PDA

Click to See Complete Forum and Search --> : [RESOLVED] Looking for an API


mendhak
May 17th, 2007, 05:03 AM
I'm looking for an API that can:

1. Extract text from a PDF file (obviously, OCR)
2. Create images, as in a snapshot, of a page in a PDF file

For #1, preferably to XML or XHTML format.

Any suggestions?


I am using C#, so a .NET API or even a COM API would do.

Shuja Ali
May 17th, 2007, 05:29 AM
1. Extract text from a PDF file (obviously, OCR)No need for OCR. Take a look at http://www.codeproject.com/useritems/PDFToText.asp

mendhak
May 17th, 2007, 05:48 AM
I do know how to extract text from a PDF, but I still need it to extract images of the pages in the PDF file.
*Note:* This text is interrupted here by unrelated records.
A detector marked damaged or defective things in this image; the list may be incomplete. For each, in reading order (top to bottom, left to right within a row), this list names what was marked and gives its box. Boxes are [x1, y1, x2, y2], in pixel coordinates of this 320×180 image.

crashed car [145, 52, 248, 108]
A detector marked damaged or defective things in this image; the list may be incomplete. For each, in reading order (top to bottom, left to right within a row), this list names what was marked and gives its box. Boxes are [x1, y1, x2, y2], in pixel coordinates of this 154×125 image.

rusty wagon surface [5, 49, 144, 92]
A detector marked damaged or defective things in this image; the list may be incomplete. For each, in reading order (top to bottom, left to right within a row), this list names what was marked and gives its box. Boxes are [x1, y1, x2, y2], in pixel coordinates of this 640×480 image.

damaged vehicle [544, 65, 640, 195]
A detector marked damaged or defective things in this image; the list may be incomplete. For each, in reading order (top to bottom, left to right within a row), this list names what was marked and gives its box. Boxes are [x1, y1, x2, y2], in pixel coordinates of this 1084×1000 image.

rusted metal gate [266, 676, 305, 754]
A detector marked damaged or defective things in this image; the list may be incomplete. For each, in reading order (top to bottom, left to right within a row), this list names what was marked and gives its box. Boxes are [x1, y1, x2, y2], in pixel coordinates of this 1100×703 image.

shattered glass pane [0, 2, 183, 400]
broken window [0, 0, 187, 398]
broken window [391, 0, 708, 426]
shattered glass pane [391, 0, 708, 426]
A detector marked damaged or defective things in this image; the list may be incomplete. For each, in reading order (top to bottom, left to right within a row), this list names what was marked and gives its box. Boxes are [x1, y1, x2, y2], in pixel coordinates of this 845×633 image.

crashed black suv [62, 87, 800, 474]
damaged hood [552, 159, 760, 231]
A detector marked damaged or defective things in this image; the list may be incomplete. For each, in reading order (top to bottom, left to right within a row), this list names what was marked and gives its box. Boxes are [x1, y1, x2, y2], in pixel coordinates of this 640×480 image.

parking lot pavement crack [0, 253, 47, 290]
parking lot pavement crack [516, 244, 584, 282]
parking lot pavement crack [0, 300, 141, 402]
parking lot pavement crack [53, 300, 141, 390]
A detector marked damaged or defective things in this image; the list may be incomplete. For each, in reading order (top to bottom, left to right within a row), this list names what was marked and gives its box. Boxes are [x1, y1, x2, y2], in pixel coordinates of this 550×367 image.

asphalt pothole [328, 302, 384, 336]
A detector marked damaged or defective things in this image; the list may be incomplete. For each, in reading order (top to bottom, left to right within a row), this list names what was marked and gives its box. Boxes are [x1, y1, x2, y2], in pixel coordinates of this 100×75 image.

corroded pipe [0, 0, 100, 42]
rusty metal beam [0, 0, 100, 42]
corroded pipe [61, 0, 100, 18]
Forget what I said about OCRs, my mistake. We're looking to purchase some class libraries for this.

I can find libraries that convert to HTML/XML. I can find libraries that convert to images But I was hoping for one library to do both.

iPrank
May 17th, 2007, 06:39 AM
http://www.vbforums.com/showpost.php?p=2880900&postcount=2

GSView/GhostScript supports command line switches. (and there are some batch files available). See if you can use it from C#.

shakti5385
May 17th, 2007, 07:21 AM
I think that the same question I want to ask here that can we read text from the image or the fax page?

mendhak
May 17th, 2007, 08:32 AM
Sorry to be an idiot, but we do need OCR capabilities in the API. Reason: The PDFs are actually scanned images of magazine articles.

So, to be very specific... is there an API that can do the OCR reading for me?

iPrank
May 17th, 2007, 10:18 AM
No idea about library.

If I remember correctly,Abby PDF Transformer (http://www.pdftransformer.com/) uses same OCR technology as Abby FineReader. That product may be able to do it.

Negative0
May 17th, 2007, 09:18 PM
I have used the Abby Fine Reader to take TIFs and make text PDFs from them and it works very well.

Just so you know OCR is a very CPU intense process. I have seen some customers that have multiple machines that do only OCR 24/7.

superbovine
May 20th, 2007, 10:31 PM
Sorry to be an idiot, but we do need OCR capabilities in the API. Reason: The PDFs are actually scanned images of magazine articles.

So, to be very specific... is there an API that can do the OCR reading for me?

I worked on a DoD contract that used an API that could do OCR on pages with images and text and threw them into pdf that was stored in an oracle db. It was a few years ago, and I don't remember what it was called. But yeah there is one out there.

mendhak
May 21st, 2007, 04:29 AM
Let me try explaining again. The PDF contains an image. The image has text on it. The OCR needs to be able to read the PDF's image for that text. Are there any APIs out there for this?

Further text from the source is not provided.